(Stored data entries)
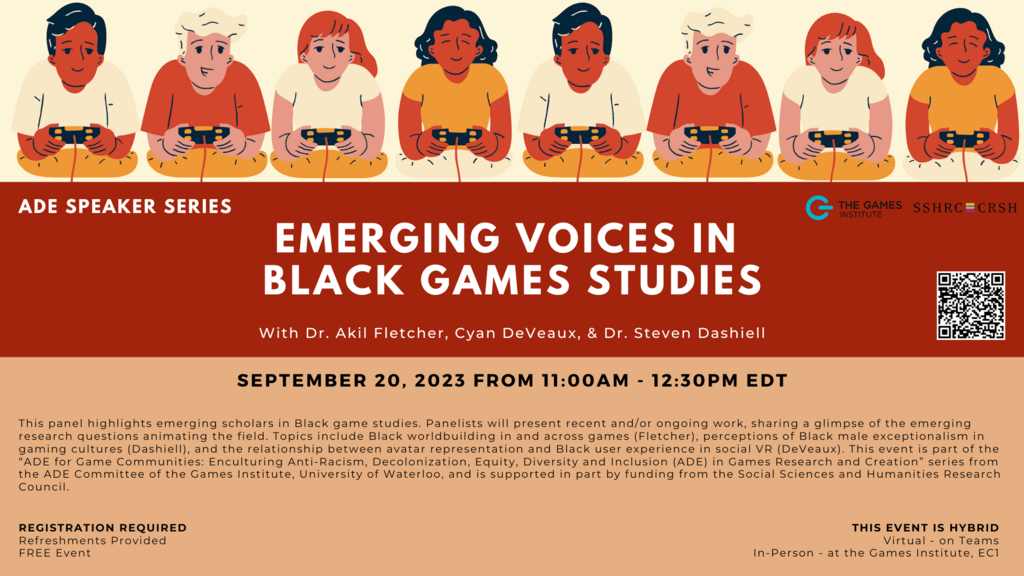 Emerging Voices in Black Games Studies event poster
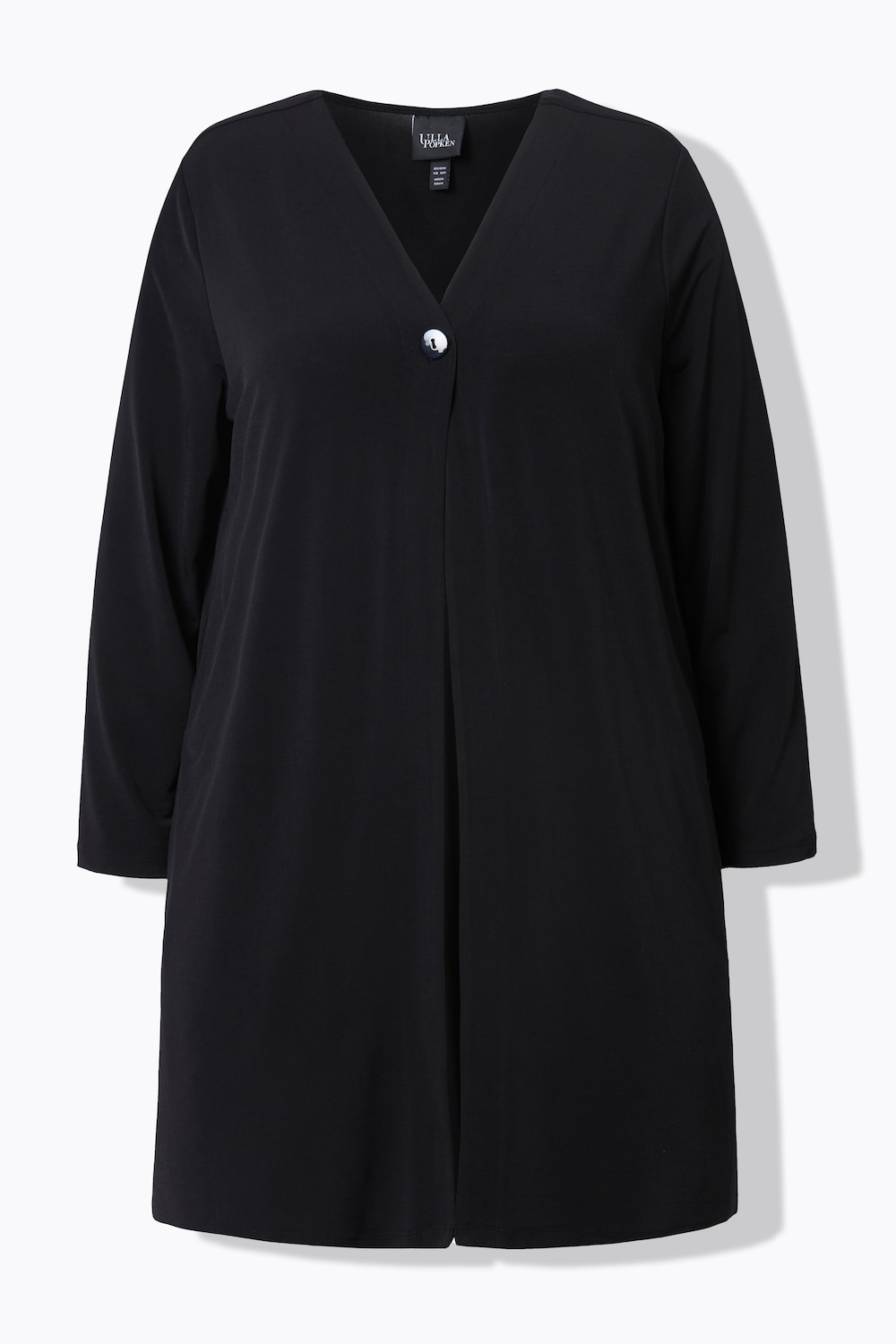 Stora storlekar Jerseyjacka med prickmönster, Dam, svart, storlek: 46/48, Polyester, Ulla Popken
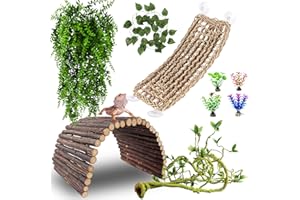 HERCOCCI Bearded Dragon Tank Accessories, Reptile Bridge Hammock Plants Jungle Climbing Vines Terrarium Decor for Bearded Dragon Snake Gecko Lizard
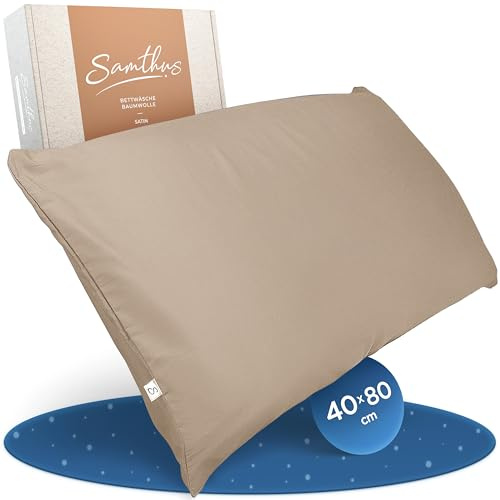 Samthus Kopfkissenbezug 40x80 Baumwolle Satin - Oeko-Tex Made In Green - Himmlisch weicher Schlaf mit atmungsaktivem Kissenbezug - 1x Kissenhülle mit Reißverschluss - Taupe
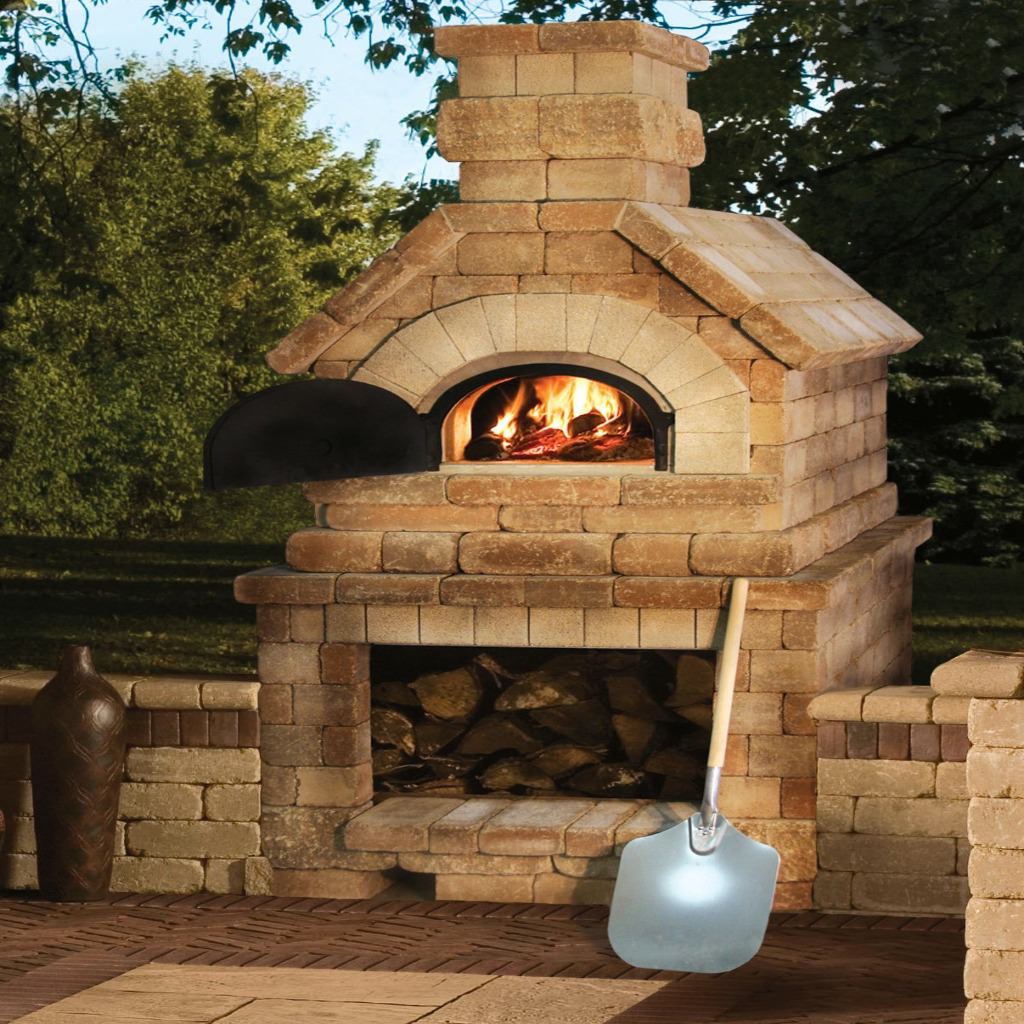 Chicago Brick Oven CBO 1000 Commercial Wood Fired Pizza Oven Kit Back Porch Residential Installation with Oven Door Open and Fire Burning Inside
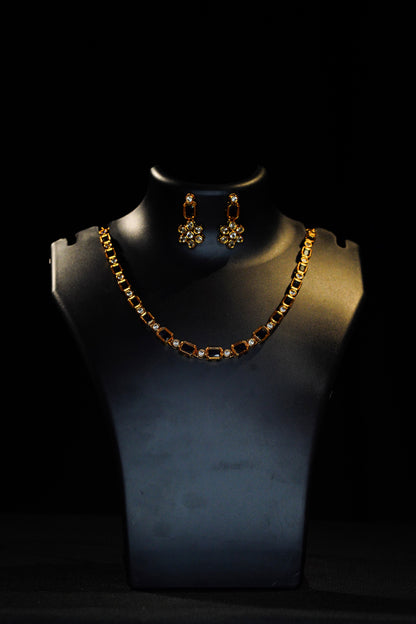 white Pink Stone Necklace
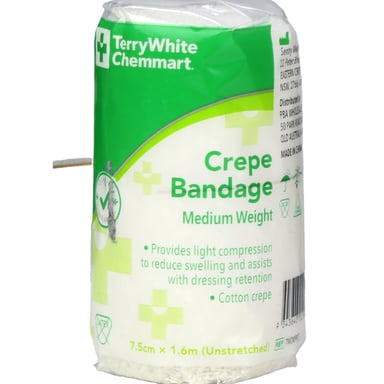 TerryWhite Chemmart Crepe Bandage Medium Weight 7.5cm X 1.6M - 1 roll
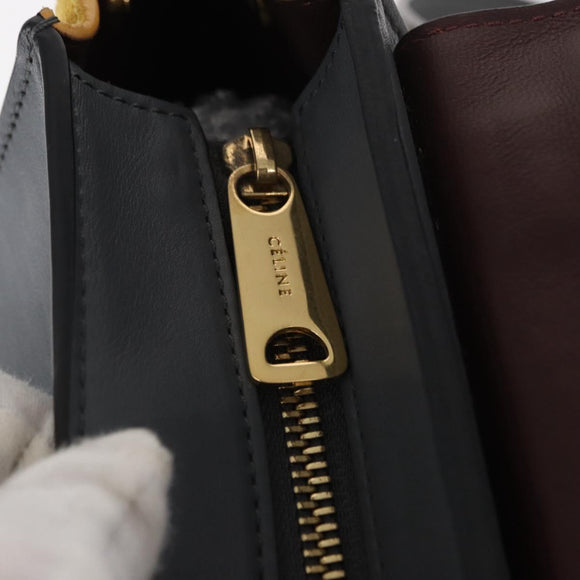 CELINE Trapeze Medium Hand Bag Leather 2way Gray Gold Auth BA7555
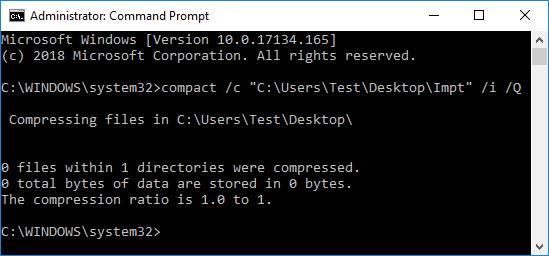 To Compress only a Folder type the following command
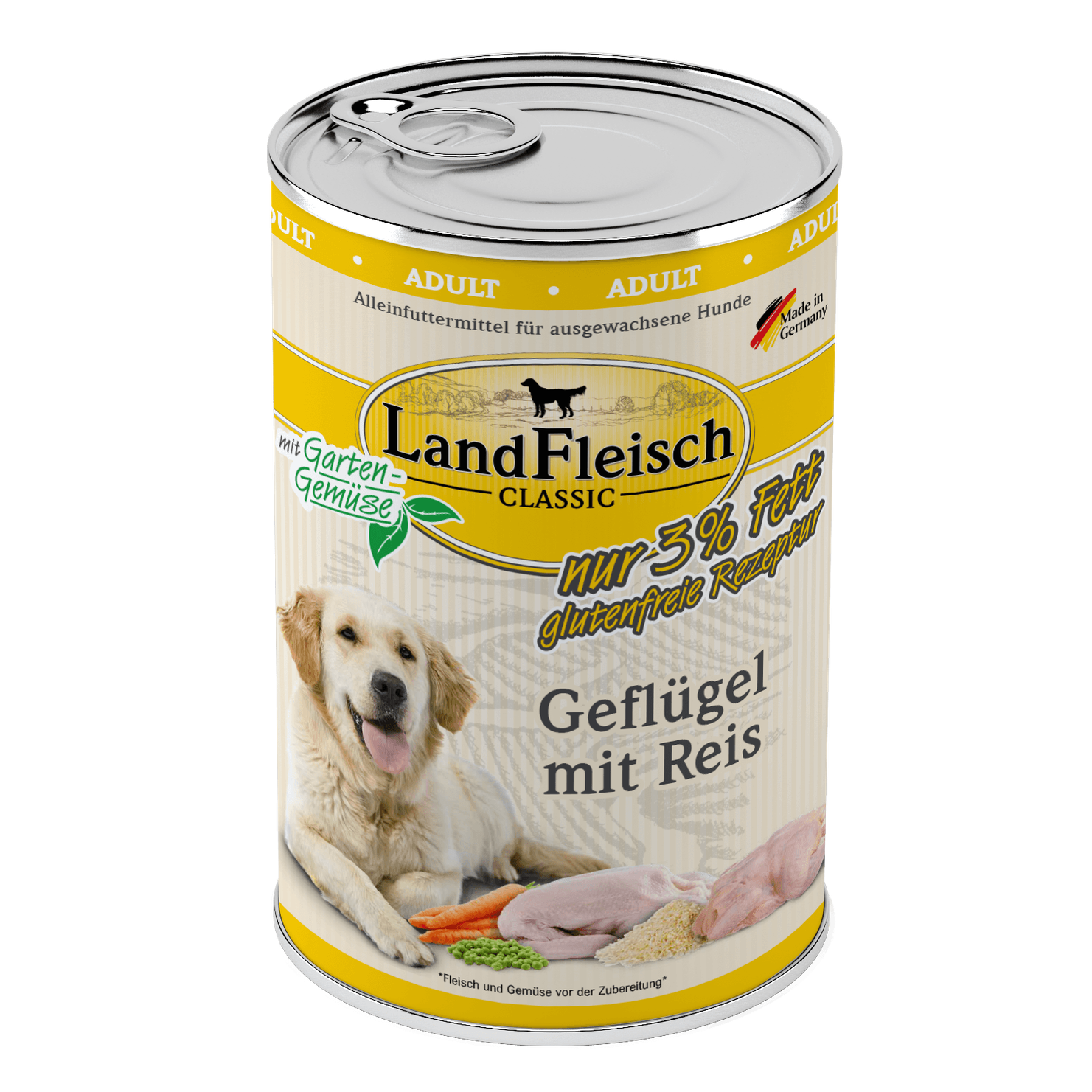 Artikel mit dem Namen Landfleisch Dog Classic Geflügel mit Reis und Gartengemüse extra mager im Shop von zoo.de , dem Onlineshop für nachhaltiges Hundefutter und Katzenfutter.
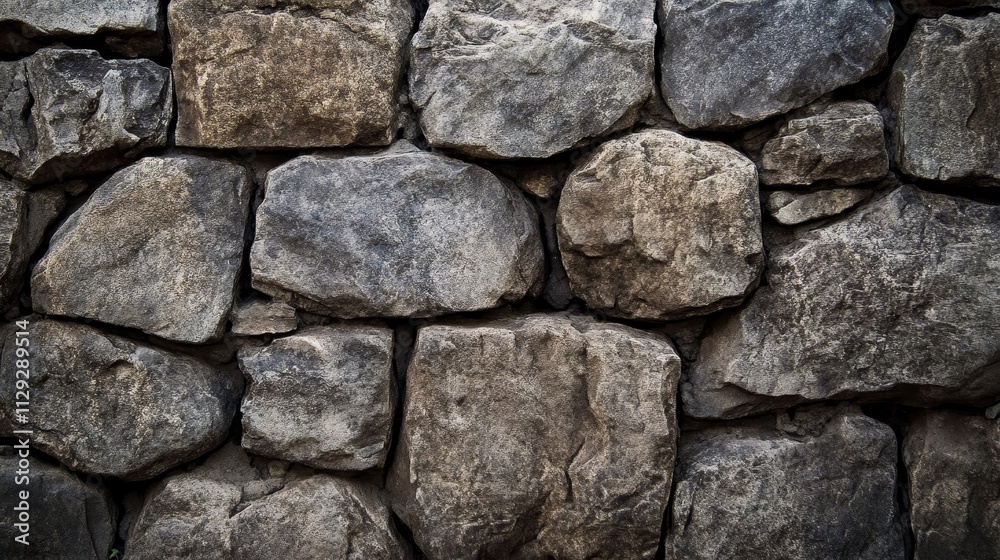 A close-up view of a rugged stone wall made up of various sized rocks. A close-up view of a rugged stone wall made up of various sized rocks.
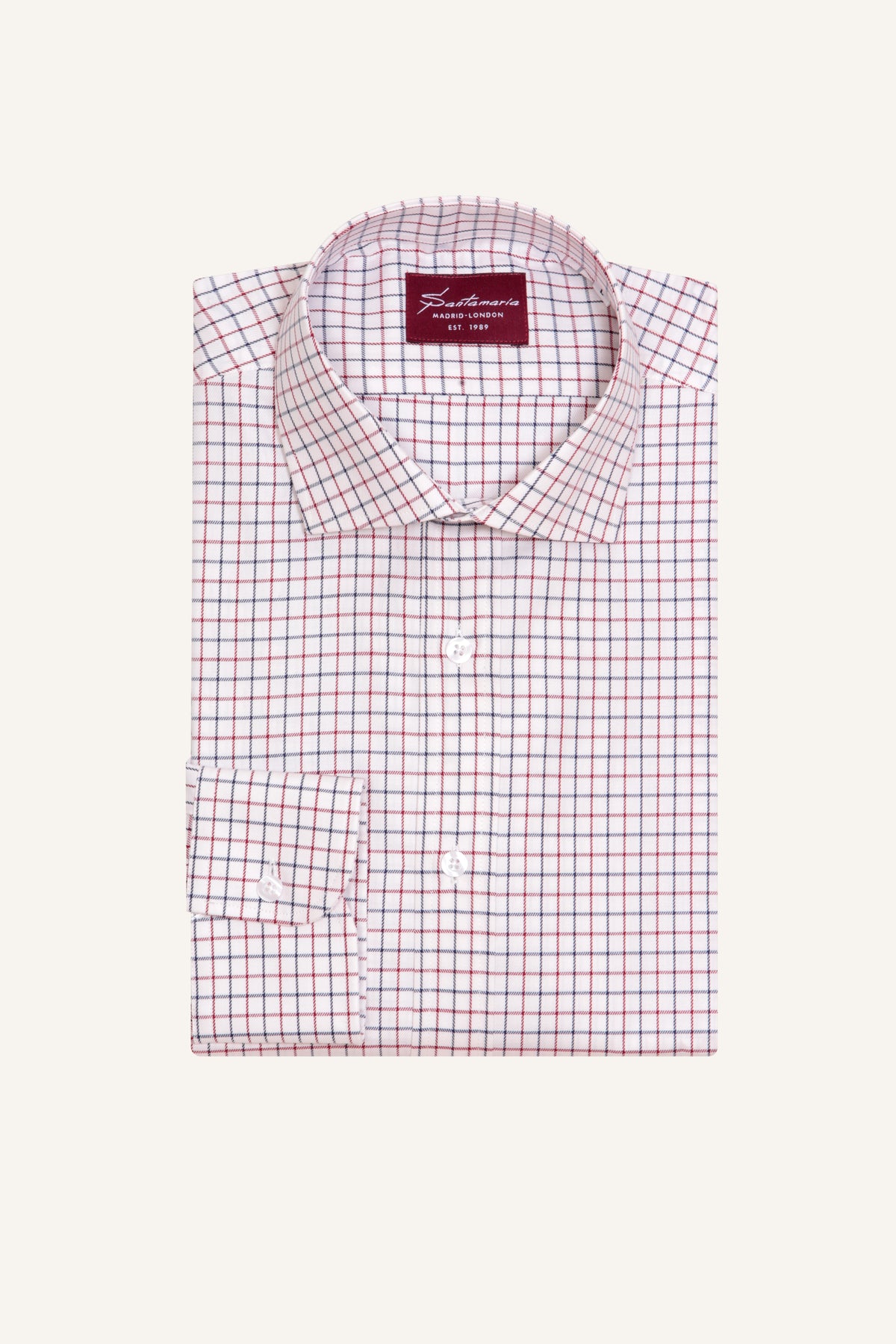 Men’s red and navy check flannel shirt with Italian spread collar, flat lay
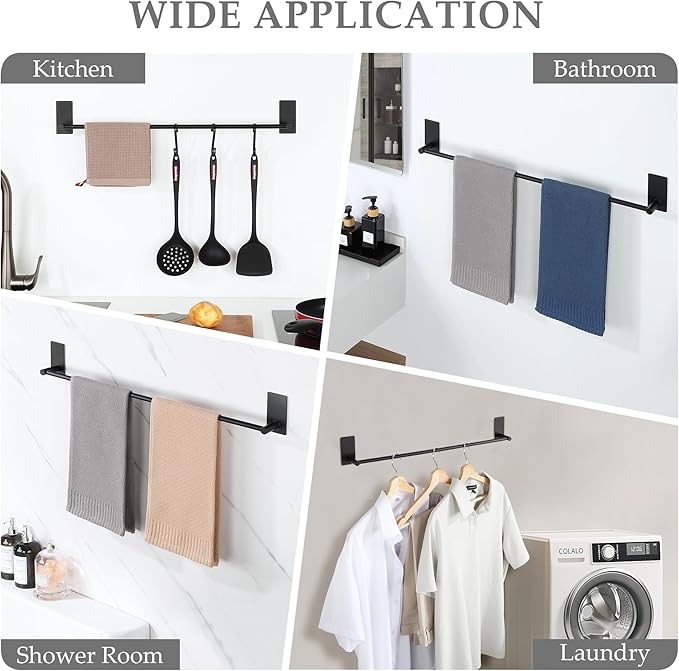 Alise Towel Racks for Bathroom, 24 Inch SUS 304 Stainless Steel Adhesive Towel Bar No Drill, Strong Adhesion Matte Black Towel Rack, Rustproof Bath Towel Holder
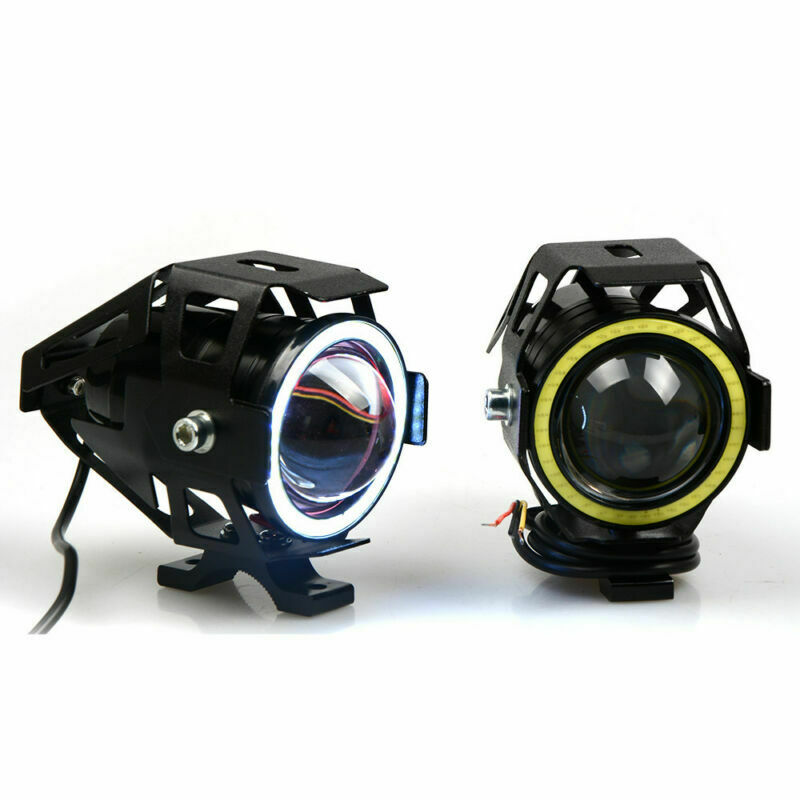 2PCS CREE LED 125W Motorcycle Headlights Driving Fog Lights Spot Lamp DRL+Switch
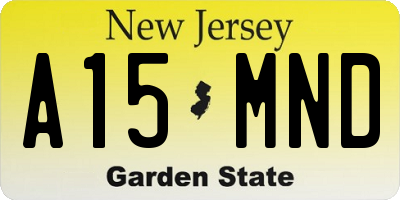 NJ license plate A15MND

TASK DESCRIPTION
Exactly the lines from the one containing "Alise Towel Racks" to the final line of the entries are wanted; please write them out, both ends included, but not the pictures.

TASK RESPONSE
 Alise Towel Racks for Bathroom, 24 Inch SUS 304 Stainless Steel Adhesive Towel Bar No Drill, Strong Adhesion Matte Black Towel Rack, Rustproof Bath Towel Holder
 2PCS CREE LED 125W Motorcycle Headlights Driving Fog Lights Spot Lamp DRL+Switch
 NJ license plate A15MND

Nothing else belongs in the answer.